February 9, 2009
Honestly now, what is the deal with men?
This morning, between the hours of 9am and 10am, my husband called me twice. I was at my office and he was at home--you know, since that lucky, self-employed bonehead happens to take Mondays off.
I've grown all too accustomed to his Monday morning calls. So when Jared's number faded onto the caller ID, I picked up my phone and without even saying hello I mumbled, "Dude, I don't know where it is."
And Jared was like, "Are you sure you don't know where it is? Because I really can't find the dog brush anywhere."
"Is it in the dog brush basket," I asked?

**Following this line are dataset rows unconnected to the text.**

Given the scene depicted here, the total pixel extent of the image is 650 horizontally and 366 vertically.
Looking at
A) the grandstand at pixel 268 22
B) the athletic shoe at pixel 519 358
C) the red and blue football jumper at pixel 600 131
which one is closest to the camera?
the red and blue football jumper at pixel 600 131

"Then I really don't know where it is."
Ten minutes later, the phone rang again.
"Amy," he said, "do you know where my keys are?"
"Are they on your key hook," I asked?
"No. Any other ideas where they might be?"

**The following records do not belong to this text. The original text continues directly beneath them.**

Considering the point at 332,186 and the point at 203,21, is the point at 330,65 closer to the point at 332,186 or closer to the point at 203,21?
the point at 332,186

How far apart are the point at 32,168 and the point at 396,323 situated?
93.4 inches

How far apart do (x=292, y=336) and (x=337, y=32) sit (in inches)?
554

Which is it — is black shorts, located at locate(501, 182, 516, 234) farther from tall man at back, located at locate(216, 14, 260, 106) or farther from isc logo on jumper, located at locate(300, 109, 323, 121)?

And this time, instead of lecturing my six-foot husband, I decided to try something new.
"Ummm....check the dryer," I said. "I'm pretty sure I saw them on top of the dryer."
So Jared ran down the basement stairs to look on top of the dryer. No luck.
"You know," I continued, "I feel like I saw your keys in James's room. Sometimes he takes things. You should go up look on his nightstand."
So Jared ran up two flights of stairs to our three-year-old's bedroom. Still no luck.
"Try the workshop," I suggested.
And down, down, down he went.
"What about the guest room," I mentioned?
And Jared went up, up, up.
Then back down to rifle through his ski bag, back up to look inside the bathroom cabinet, out to the garage to scour the shelves, and back up to the closet--you know, strictly for entertainment purposes.
And then, only after three trips up, three trips down and one trip into the sub zero elements did it finally dawn on Jared...he married a total and complete $^!%head.